Data START

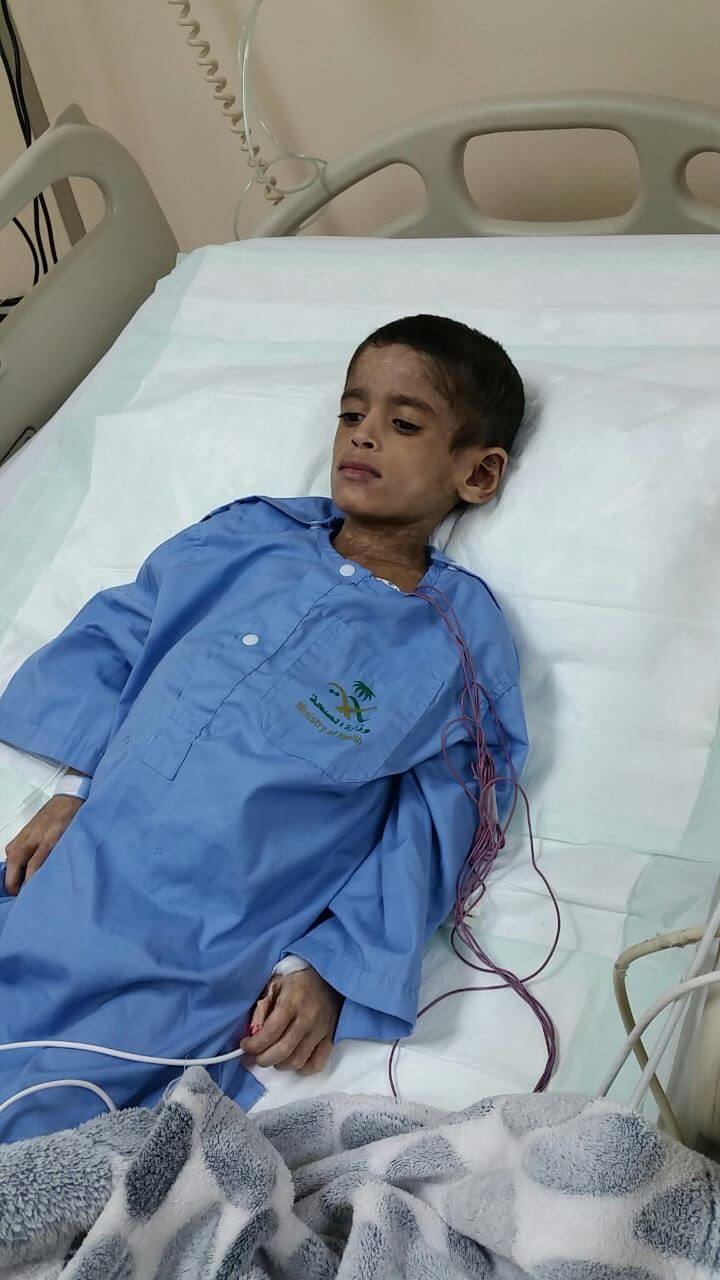 بالصور.. الطفل عبدالرحمن ترهقه 7 أمراض ووالده يناشد بعلاجه في الرياض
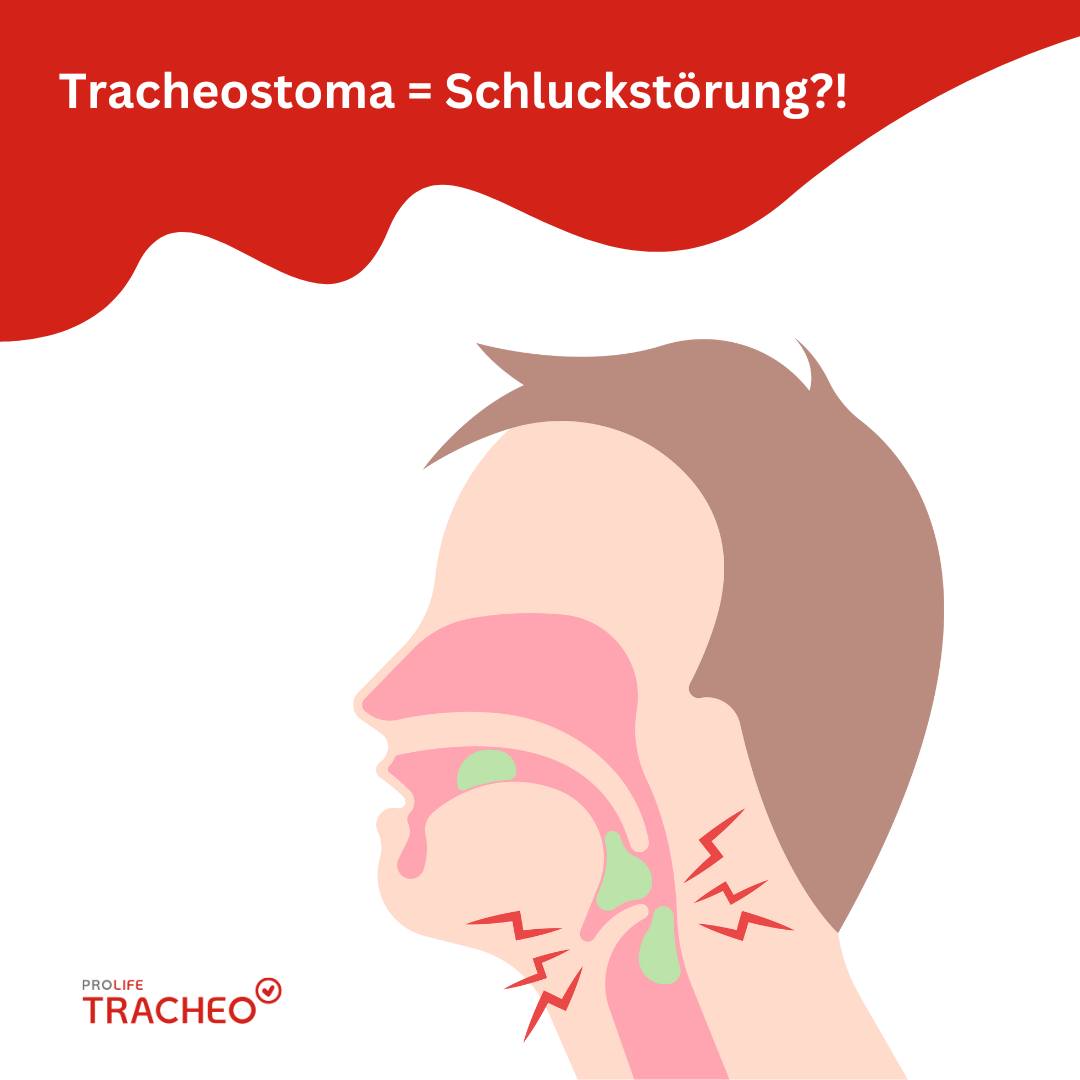Tracheostoma verursacht Schluckstörung? – Anatomie Illustration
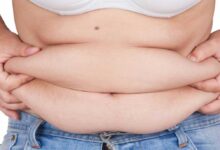 Pericolosità dell’obesità sarcopenica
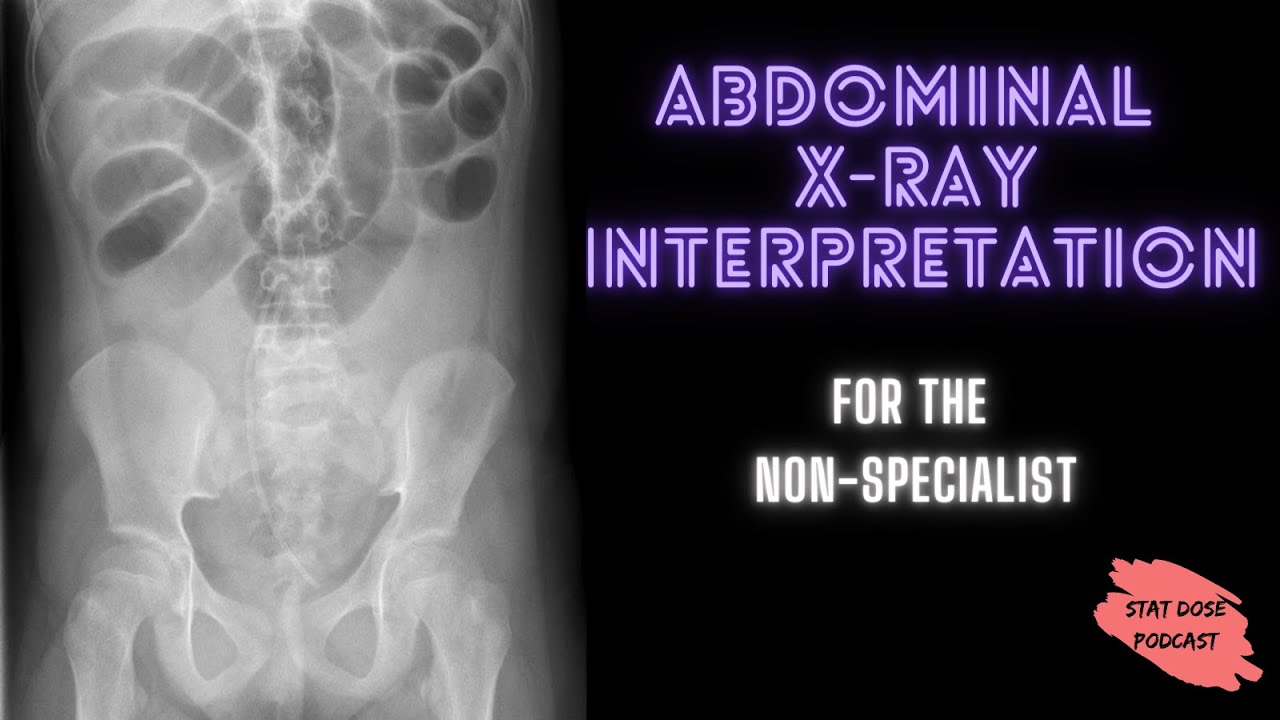 abdominal x ray case study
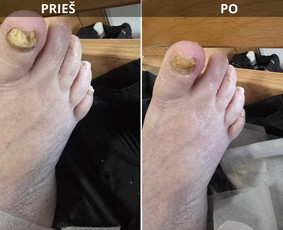Probleminių nagų, padų, nuospaudų,varkymas jūsų namuose / Aida / Darbų pavyzdys ID 3618133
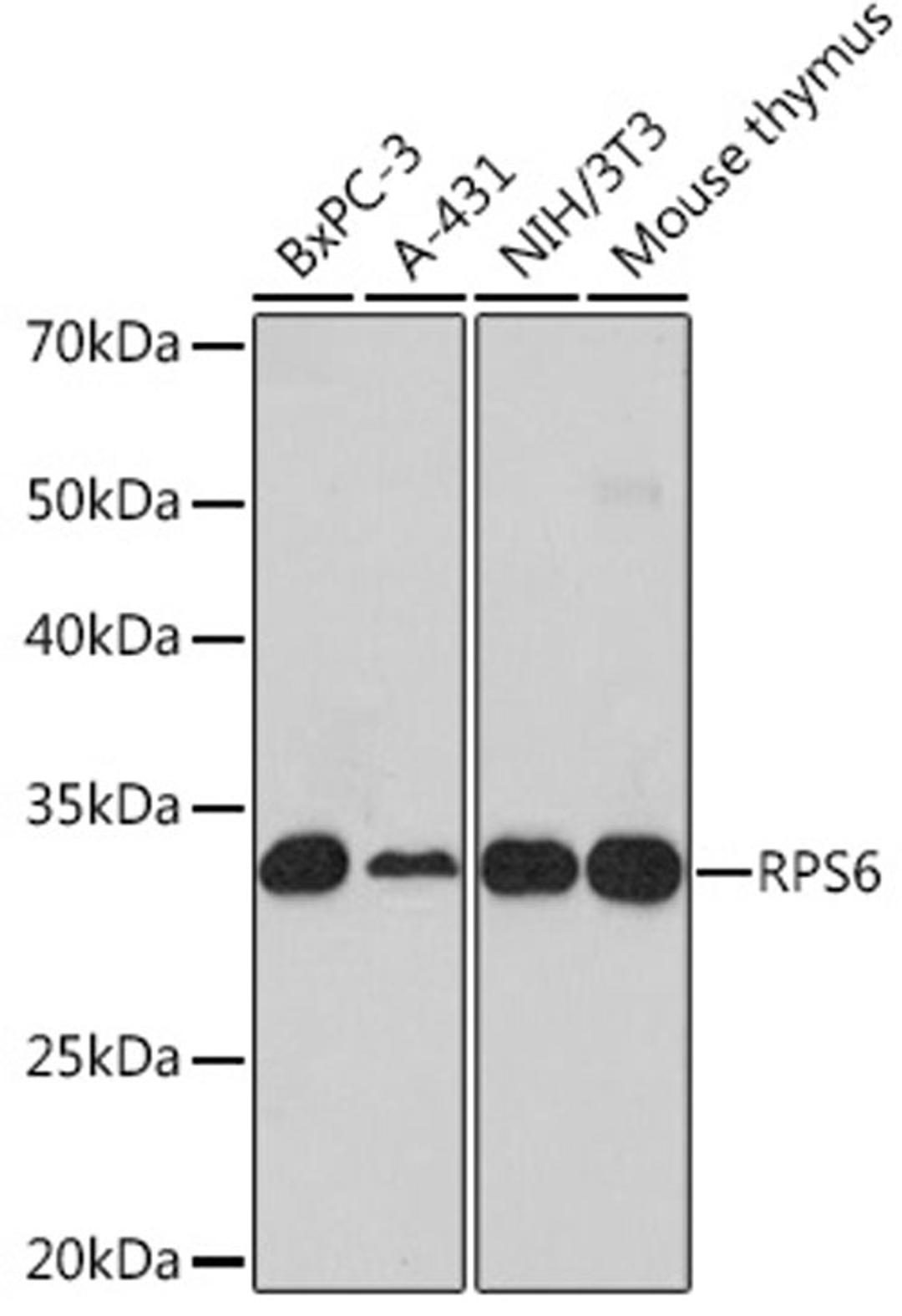 Western blot - RPS6 antibody (A6058)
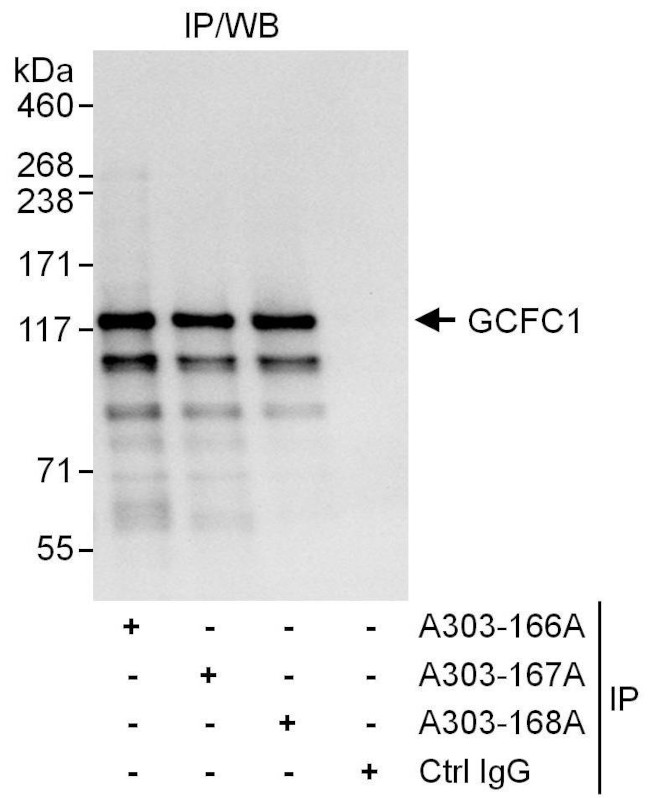 GCFC1 Antibody in Immunoprecipitation (IP)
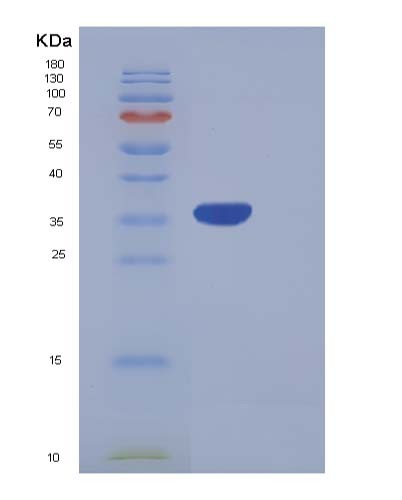 SDS-PAGE analysis of Human PRRG2 (Transmembrane Gamma-Carboxyglutamic Acid Protein 2) - Recombinant Protein, CATHuman PRRG2 (Transmembrane Gamma-Carboxyglutamic Acid Protein 2) - Recombinant Protein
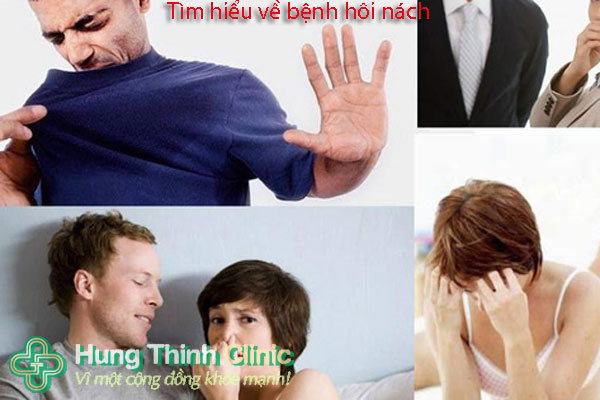 Tìm hiểu về bệnh hôi nách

Data END

◆ **Work to be completed**: Print, exactly and only, the lines running from the line with "GCFC1 Antibody in Immunoprecipitation (IP)" through the last line of the data, including both. Skip any picture.

◆ **Result of the exercise**:
 GCFC1 Antibody in Immunoprecipitation (IP)
 SDS-PAGE analysis of Human PRRG2 (Transmembrane Gamma-Carboxyglutamic Acid Protein 2) - Recombinant Protein, CATHuman PRRG2 (Transmembrane Gamma-Carboxyglutamic Acid Protein 2) - Recombinant Protein
 Tìm hiểu về bệnh hôi nách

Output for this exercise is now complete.